Wednesday, November 23, 2011

Occupy Mic Check On Obama

Yesterday some occupiers interrupted an appearance by Obama, who has kept his distance from the Occupy movement. One protester handed Obama a note chastizing him for his silence on the police brutality against occupy protesters in recent days. This is yet another way that Obanma disappoints those who used to be his enthusiastic supporters.

Monday, November 21, 2011

Occupy Philadelphia Day 47

Sunday was National Transgender Remembrance Day. Queer Occupy Philadelphia members held their very first direct action Sunday evening...a march through the gayborhood during which they signed up new members for Philadelphia Rage, and organization dedicated to ending violence against transgendered people. The Occupation site in Philadelphia now has fewer tents. Some people have left to avoid having their tents and psssessions confiscated should the city conduct a raid. Dilworth Plaza has the feeling of something coming to an end. Hopefully what ends will only be the encampment, and the movement will continue on and strengthen. There is an excellent article from Forbes available on line today that makes the point that the Bush tax cuts especially capital gains rates is the reason for the expolsion in economic inequality in this country.
Capital gains are the key ingredient of income disparity in the US-- and the force behind the winner takes all mantra of our economic system. If you want to even out earning power in the U.S, you have to raise the 15% capital gains tax...It's crystal clear that the Bush tax reduction on capital gains and dividend income in 2003 was the cutting edge policy that has created the immense increase in net worth of corporate executives, Wall St. professionals and other entrepreneurs...The facts are clear according to the Congressional Budget Office more than 80% of the increase in income inequality was the result of an increase in the share of household income from capital gains...I commend you to the late Justice Louis Brandeis warning to the nation that " We can have democracy in this country, or we can have great wealth concentrated in the hands of a few, but we can't have both." We have to make up our minds to restore a higher, fairer capital gains tax to the wealthiest investor class-- or ultimately face increased social unrest.

Sunday, November 20, 2011

Occupy Philadelphia Day 46

Yesterday I attended s full day "Training For Trainers" program sponsored by OccupyPhiladelphia (OP). Perhaps I'll be able to draw on some of my experience and knowledge and do some training of occupiers at some point in the near future. The OP GA (General Assembly) voted Saturday evning to seek a permit to move the encampment across the street to Thomas Paine Plaza in front of the Municipal Services building. However, the OP proposal also calls for the permit to allow for camping, tents, and no end date...all elements not likely to be approved by the city. This makes a confrontation between the city and the occupiers more likely and imminent.

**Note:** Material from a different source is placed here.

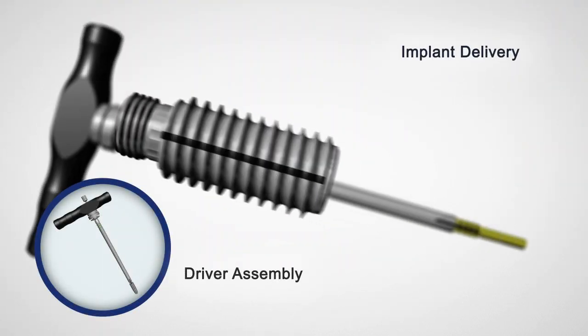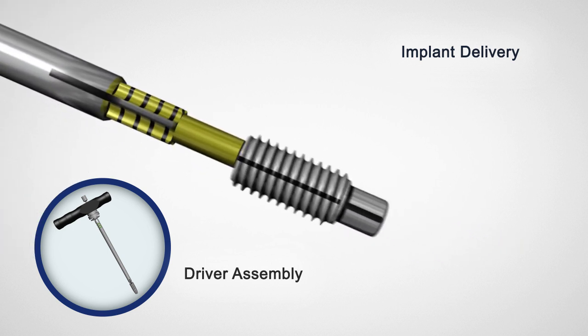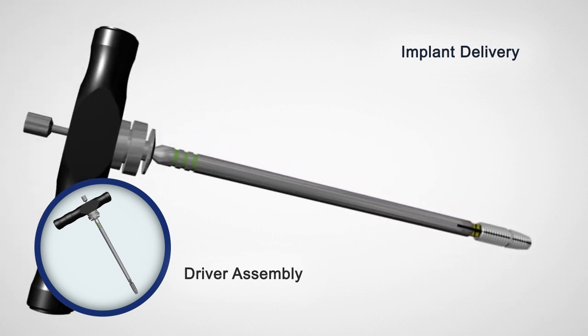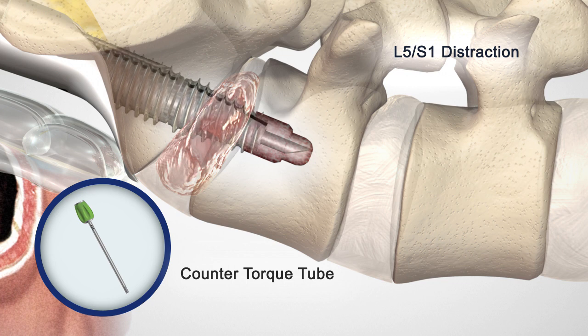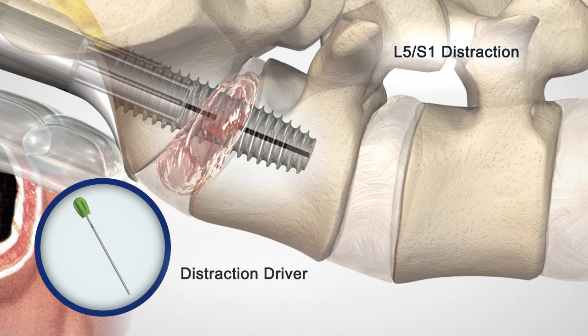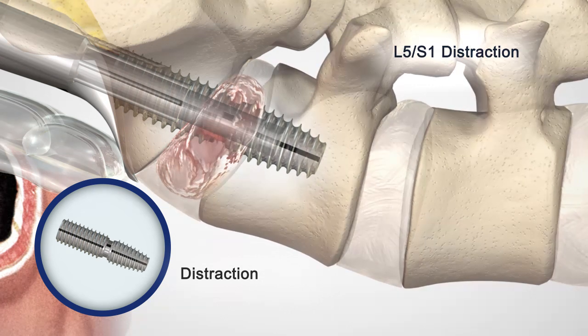Assemble the selected L5 anchor, distraction rod, and S1 anchor onto the dual driver and insert into the prepared channel simultaneously. Use the counter torque tube and distraction driver to advance the internal distraction rod. They are designed to distract the L5-S1 vertebral bodies, restore disc height, and indirectly decompress the neural foramen.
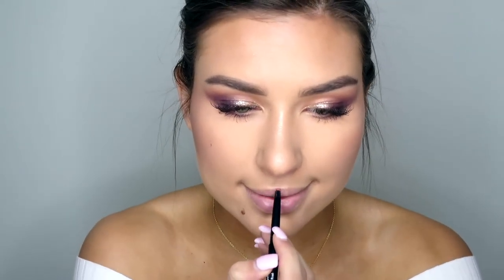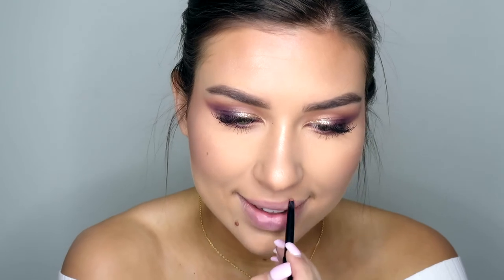Because we have so much going on with the eyes, I thought about a purple lip but decided to go nude instead. I'm using three lip products: first the Revlon Colorstay Lip Liner in Rose - I really love this because it matches your natural lip color, making it easy to overdraw without looking fake. Then I'm going in with my go-to lip color, the NYX Matte Soft Lip Cream in Abu Dhabi - I talk about this in every video. It'll complement that peachy color in the eye look.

Saturday, November 19, 2011

Occupy Philadelphia Day 45: Wells Fargo Bank Action Nov. 18

Occupy Philadelphia members protest the predatory and racist lending policies of and foreclosures by Wells Fargo Bank.

Friday, November 18, 2011

Occupy Philadelphia Day 44

Yesterday was an international day of action by various groups working for justice. In Philadelphia several groups joined together to march, demonstrate, and risk arrest. About two dozen protesters were arrested on the 30th & Market Street bridge. This bridge was targeted because it is on the list of structurally deficient bridges. We have plenty of money for wars and to bail out banks, but no money to fix our crumbling infrastructure. Meanwhile OccupyPhiladelphia tried to prempt eviciton by the city by attempting to move accross the street to the Municipal Services building. However, the police prevented the move. Mayor Nutter told OP to just follow proper procedures, whatever they are. Too bad OP just doesn't ignore Nutter. Occupation is not about following the instructions of those who are responsible for the problems we're protesting.

Thursday, November 17, 2011

Occupy Philadelphia Day 43: A National Day Of Action

This is retired Philadelphia Police Captain Ray Lewis, who was arrested near Wall Street this morning as thousands began protesting Wall Street excesses. Later today there will be a march in Philadelphia in solidarity with actions all accross the country.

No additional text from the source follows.